Kasus ini melibatkan sejumlah nama dan yang paling menjadi buah bibir, yaitu Harvey Moeis, yakni suami dari aktris Sandra Dewi.
Secara sederhana, kasus ini terkait kerja sama pengelolaan lahan antara PT Timah Tbk, bersama perusahaan swasra secara ilegal.

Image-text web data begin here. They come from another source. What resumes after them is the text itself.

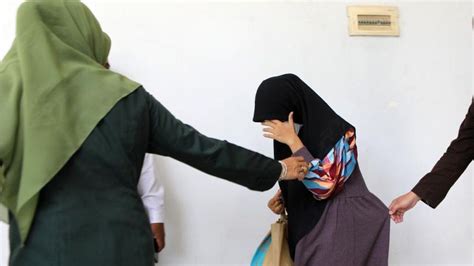 Indonesia set to punish sex before marriage with jail time - BBC News
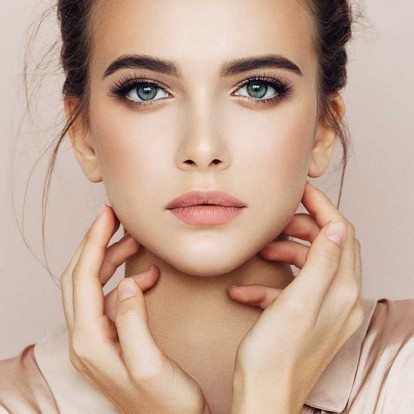 Τα μυστικά για flawless skin από μια διάσημη beauty editor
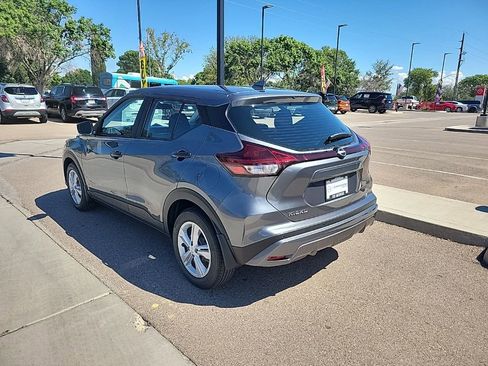 New 2025 Nissan Kicks Play S image 5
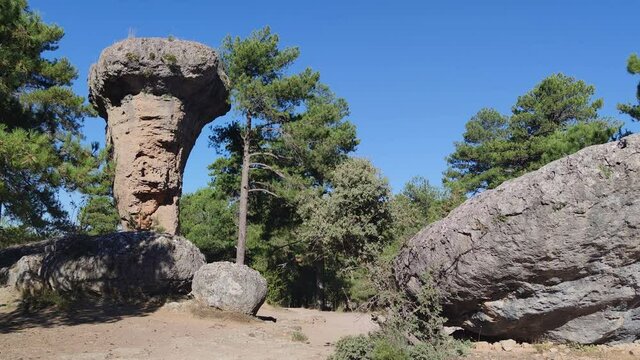El Tormo alto en la ciudad encantada de Cuenca, ejemplo de erosi&oacute;n diferencial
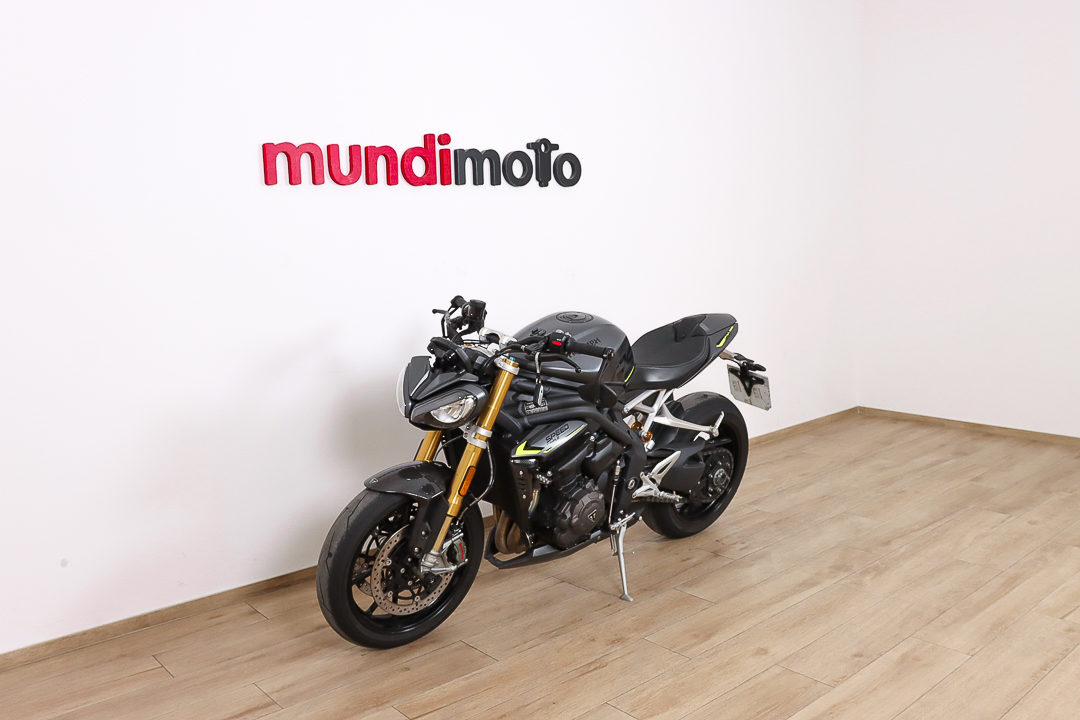 TRIUMPH SPEED TRIPLE 1200 RSTRIUMPH8 TRIUMPH SPEED TRIPLE 1200 RSTRIUMPH8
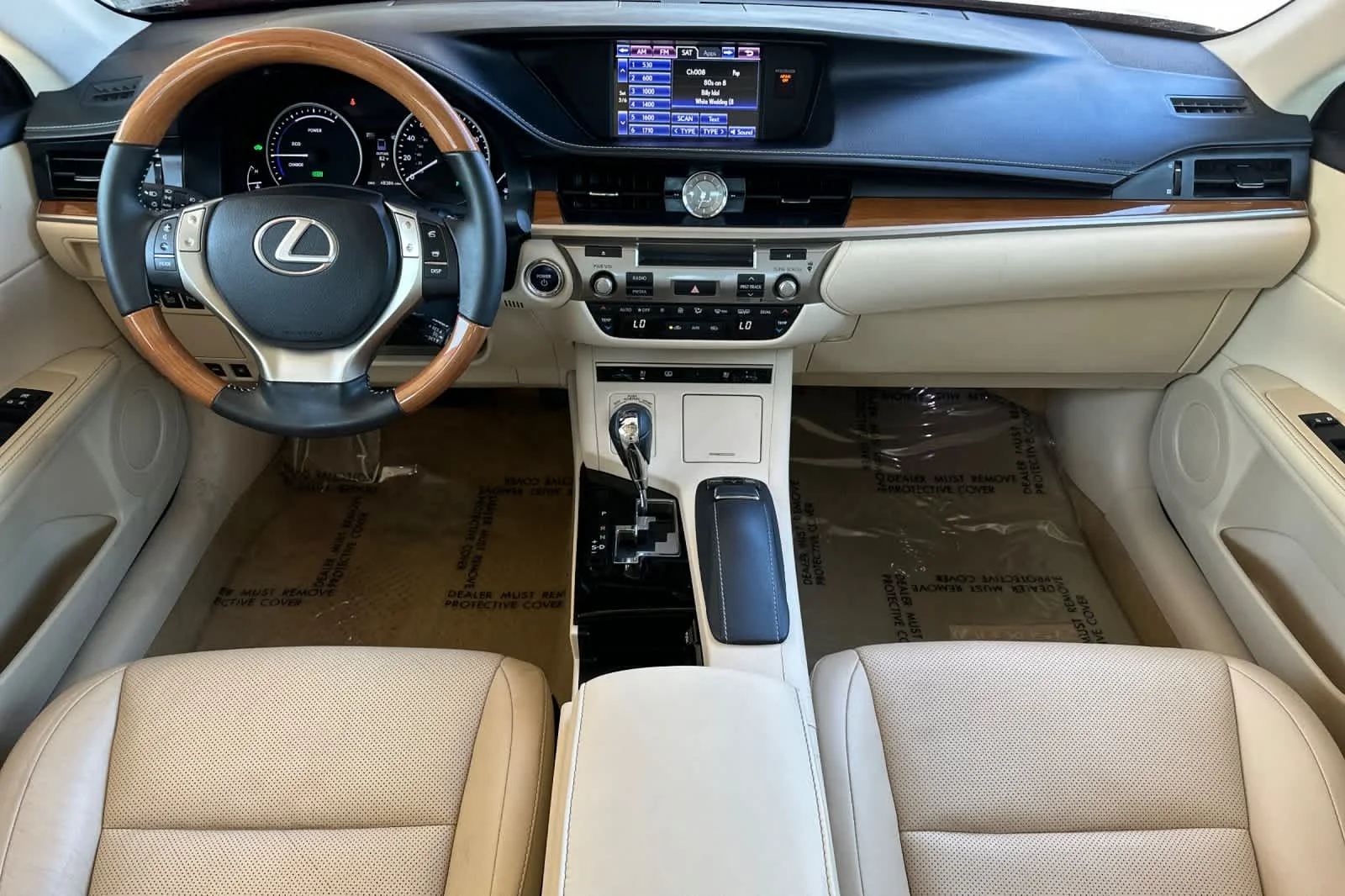 Used 2014 Matador Red Mica Lexus Hybrid image 3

Hasil pengelolaan itu dijual kembali ke PT Timah Tbk sehingga menimbulkan kerugian negara senilai Rp 300.003.263.938.131,14 atau Rp 300 triliun.
2. Kasus Tata Kelola Minyak Mentah (Rp 198 Triliun)
Kasus korupsi pada tata kelola minyak mentah diungkap Kejaksaan Agung RI pada 2025. Kasus ini terkait produk kilang PT Pertamina, subholding, dan kontraktor kontrak kerja sama (KKKS) sejak 2018 hingga 2023.
Secara total, ada tujuh tersangka yang ditetapkan dalam kasus tersebut, kemudian sosok yang paling banyak diperbincangkan adalah Direktur Utama PT Pertamina Parta Niaga, Riva Siahaan, dan Beneficial Owner PT Navigator Khatulistiwa, M Kerry Ardianto Riza, yang tak lain merupakan anak dari saudagar minyak Riza Chalid.
Adapun, praktik korupsi ini terjadi pada rentang 2018 hingga 2023, di mana saat itu pemerintah melalui Kementrian ESDM menerbitkan perintah soal pemenuhan minyak mentah wajib mengutamakan pasokan minyak bumi dari dalam negeri, termasuk kontraktornya juga harus berasal dari dalam negeri sebelum merencanakan impor.
Namun, Riva beserta sejumlah pihak lainnya melakukan pengkondisian dalam Rapat Optimasi Hilir yang dijadikan untuk menurunkan produksi kilang.
Akibatnya, produksi minyak bumi dalam negeri pun tidak terserap sepenuhnya sehingga pemenuhan minyak mentah maupun produk kilang diperoleh dari hasil impor. Akibat perbuatan mereka, negara merugi hingga Rp 198 triliun.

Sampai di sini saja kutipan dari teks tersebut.